Court of Appeals of Ohio, Fifth District, Coshocton
Jan 24, 2024
2024 Ohio 236 (Ohio Ct. App. 2024)

Opinion

2023 CA 0021

01-24-2024

STATE OF OHIO Plaintiff-Appellee v. SHAWN H. WELLS Defendant-Appellant

For Plaintiff-Appellee E. MARIE SEIBER Assistant Coshocton Public Defender For Defendant-Appellant KATELYNN R. DAVIS Assistant Prosecuting Attorney


Appeal from the Coshocton County Court of Common Pleas, Case No. 2022 CR 0148

For Plaintiff-Appellee E. MARIE SEIBER Assistant Coshocton Public Defender

For Defendant-Appellant KATELYNN R. DAVIS Assistant Prosecuting Attorney

JUDGES: Hon. Patricia A. Delaney, P.J. Hon. W. Scott Gwin, J. Hon. Andew J. King, J.

OPINION

GWIN, J.

{¶1} Defendant-appellant Shawn H. Wells ["Wells"] appeals from the May 25, 2023 and the May 31, 2023 Judgment Entries of the Coshocton County Court of Common Pleas overruling his motion to suppress evidence.

Facts and Procedural History

{¶2} On December 19, 2022, Wells was indicted with one count of Possession of a Fentanyl-Related Compound, a felony of the fifth degree in violation of R.C. 2925.11 (A)/ 2925.11 (C)(11)(a).

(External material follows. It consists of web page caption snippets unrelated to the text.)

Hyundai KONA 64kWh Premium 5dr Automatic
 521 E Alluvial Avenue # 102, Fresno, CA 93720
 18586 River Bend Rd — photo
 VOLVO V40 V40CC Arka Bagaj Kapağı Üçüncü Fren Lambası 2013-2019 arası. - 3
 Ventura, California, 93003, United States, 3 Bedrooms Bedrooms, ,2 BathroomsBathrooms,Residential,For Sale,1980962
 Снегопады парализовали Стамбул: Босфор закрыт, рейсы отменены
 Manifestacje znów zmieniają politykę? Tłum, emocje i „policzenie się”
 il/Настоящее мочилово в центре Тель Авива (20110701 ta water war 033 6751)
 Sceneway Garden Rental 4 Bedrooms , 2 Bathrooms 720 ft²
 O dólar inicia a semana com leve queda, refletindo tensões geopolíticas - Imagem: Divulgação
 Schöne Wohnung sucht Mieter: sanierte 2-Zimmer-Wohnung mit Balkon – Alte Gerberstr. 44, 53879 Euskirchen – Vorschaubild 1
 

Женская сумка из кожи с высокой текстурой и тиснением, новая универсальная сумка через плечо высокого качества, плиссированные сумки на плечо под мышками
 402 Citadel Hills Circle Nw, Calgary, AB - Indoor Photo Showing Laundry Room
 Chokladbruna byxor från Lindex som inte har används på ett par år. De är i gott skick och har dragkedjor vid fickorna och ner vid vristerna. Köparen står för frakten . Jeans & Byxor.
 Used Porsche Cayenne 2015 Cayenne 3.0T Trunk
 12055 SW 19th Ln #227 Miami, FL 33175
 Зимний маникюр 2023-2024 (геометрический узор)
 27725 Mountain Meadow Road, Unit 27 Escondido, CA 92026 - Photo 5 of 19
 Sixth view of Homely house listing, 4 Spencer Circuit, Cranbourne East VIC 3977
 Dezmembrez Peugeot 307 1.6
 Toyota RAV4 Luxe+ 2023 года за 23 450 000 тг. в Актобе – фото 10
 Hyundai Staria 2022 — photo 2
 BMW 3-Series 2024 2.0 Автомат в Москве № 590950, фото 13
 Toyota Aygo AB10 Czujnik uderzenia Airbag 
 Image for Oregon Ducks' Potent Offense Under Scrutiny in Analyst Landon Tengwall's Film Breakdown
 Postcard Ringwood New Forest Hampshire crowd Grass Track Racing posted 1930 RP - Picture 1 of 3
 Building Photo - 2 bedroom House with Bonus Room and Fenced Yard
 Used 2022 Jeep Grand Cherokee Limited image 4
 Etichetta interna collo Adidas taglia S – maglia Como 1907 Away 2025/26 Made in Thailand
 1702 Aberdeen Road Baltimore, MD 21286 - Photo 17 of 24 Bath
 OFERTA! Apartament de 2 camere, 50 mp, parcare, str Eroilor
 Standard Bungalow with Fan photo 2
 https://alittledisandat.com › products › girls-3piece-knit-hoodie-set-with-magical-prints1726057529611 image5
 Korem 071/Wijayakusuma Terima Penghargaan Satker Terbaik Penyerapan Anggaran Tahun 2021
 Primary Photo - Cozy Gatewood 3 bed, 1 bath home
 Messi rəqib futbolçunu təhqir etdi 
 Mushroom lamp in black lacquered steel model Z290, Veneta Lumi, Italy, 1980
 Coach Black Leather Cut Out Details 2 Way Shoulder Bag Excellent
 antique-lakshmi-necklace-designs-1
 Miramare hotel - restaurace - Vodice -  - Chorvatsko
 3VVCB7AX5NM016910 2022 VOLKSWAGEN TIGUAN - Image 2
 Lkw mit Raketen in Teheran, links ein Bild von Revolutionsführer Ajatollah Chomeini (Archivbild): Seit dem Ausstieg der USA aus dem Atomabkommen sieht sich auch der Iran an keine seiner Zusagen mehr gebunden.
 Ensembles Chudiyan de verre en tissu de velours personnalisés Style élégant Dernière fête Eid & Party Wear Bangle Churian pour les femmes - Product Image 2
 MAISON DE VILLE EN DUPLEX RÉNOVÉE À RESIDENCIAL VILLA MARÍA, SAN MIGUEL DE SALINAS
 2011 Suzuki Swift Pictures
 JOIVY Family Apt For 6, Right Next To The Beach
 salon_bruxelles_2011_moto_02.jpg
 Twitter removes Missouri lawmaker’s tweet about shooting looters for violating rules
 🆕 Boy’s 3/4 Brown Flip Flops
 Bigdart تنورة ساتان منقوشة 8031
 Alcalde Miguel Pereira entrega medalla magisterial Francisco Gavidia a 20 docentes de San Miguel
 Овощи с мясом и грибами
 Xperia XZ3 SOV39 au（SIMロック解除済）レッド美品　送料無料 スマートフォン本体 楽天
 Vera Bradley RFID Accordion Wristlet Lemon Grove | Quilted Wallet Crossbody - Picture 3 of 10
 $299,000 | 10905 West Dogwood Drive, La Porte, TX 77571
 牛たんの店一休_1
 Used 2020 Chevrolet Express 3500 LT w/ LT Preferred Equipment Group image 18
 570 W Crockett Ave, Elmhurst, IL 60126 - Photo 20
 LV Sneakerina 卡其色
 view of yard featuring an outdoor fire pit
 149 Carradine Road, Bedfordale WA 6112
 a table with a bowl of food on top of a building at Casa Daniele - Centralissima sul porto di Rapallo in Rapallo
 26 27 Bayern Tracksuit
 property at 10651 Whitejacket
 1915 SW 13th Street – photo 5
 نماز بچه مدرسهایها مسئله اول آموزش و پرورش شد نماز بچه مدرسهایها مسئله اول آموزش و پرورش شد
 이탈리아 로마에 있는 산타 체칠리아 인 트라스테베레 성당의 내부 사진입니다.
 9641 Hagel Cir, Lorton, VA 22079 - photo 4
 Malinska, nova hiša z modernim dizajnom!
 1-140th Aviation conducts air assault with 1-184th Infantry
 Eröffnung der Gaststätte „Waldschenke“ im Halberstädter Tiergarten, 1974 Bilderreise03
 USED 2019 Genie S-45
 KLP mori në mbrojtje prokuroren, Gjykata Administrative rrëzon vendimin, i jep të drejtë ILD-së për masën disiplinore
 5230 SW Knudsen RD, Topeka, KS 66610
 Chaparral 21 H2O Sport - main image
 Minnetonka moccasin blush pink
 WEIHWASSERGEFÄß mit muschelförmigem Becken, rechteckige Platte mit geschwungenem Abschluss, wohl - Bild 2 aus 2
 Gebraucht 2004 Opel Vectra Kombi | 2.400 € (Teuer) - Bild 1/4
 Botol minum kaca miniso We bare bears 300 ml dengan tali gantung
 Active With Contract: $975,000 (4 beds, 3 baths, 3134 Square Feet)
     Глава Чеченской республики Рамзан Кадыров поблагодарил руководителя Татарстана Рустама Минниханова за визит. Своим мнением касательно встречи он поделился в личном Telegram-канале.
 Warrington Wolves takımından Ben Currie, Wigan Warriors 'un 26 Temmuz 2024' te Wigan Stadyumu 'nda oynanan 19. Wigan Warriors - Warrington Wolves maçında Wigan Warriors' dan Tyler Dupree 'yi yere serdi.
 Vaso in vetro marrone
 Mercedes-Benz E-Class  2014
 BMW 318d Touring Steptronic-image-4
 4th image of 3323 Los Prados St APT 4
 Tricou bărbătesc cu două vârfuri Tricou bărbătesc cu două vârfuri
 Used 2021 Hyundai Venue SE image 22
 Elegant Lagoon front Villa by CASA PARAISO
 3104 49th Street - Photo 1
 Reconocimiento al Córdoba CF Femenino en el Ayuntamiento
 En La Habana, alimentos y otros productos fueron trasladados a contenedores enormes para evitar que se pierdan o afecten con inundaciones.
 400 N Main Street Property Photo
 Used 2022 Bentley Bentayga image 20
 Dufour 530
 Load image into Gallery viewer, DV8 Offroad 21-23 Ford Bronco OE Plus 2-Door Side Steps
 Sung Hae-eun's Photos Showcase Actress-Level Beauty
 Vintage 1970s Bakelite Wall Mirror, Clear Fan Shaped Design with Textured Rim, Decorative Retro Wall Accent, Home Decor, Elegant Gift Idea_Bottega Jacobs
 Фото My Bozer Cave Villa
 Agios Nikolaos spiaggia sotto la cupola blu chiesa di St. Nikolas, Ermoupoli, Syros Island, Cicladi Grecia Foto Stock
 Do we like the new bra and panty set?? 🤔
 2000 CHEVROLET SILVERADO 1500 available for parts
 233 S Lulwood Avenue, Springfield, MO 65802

{¶3} On April 17, 2023, Wells filed a motion to suppress. [Docket Entry No. 20]. The state responded on May 15, 2023. [Docket Entry No. 23]. On May 18, 2023 a hearing was held on the motion to suppress. The following evidence was presented during the hearing on Wells' motion to suppress.

The facts are taken in part from the May 25, 2023 Judgment Entry overruling Wells' motion to suppress. [Docket Entry No. 31].

{¶4} On July 18, 2022, at approximately 12:55 a.m., Deputy Jeremy Johnson was on duty as a road patrol officer for the Coshocton County Sheriffs Office when he came upon an unoccupied pickup truck blocking an alleyway in the City of Coshocton. When looking inside the vehicle, Deputy Johnson spotted a large knife open on the console. Deputy Johnson first radioed a dispatcher to report the license plate number, and then checked with neighbors to locate the owner of the truck. Deputy Johnson was on the scene for a brief period of time when he spotted Wells running toward the truck carrying a gallon jug of gasoline. Wells resided near the location of his disabled truck.

{¶5} Deputy Johnson's body cam video, State's Exhibit 1, shows Deputy Johnson and another deputy allow Wells to move freely in and about the disabled truck in search of an item Wells could use as a funnel to pour the gasoline. At one point the deputies allowed Wells to use a knife to cut into a plastic water bottle. Ultimately, Wells poured the gasoline through a paper funnel and then started cranking the ignition. After many unsuccessful attempts, Deputy Johnson finally said, "Shawn, could you just do me a favor? Step out and give that thing a break for a minute."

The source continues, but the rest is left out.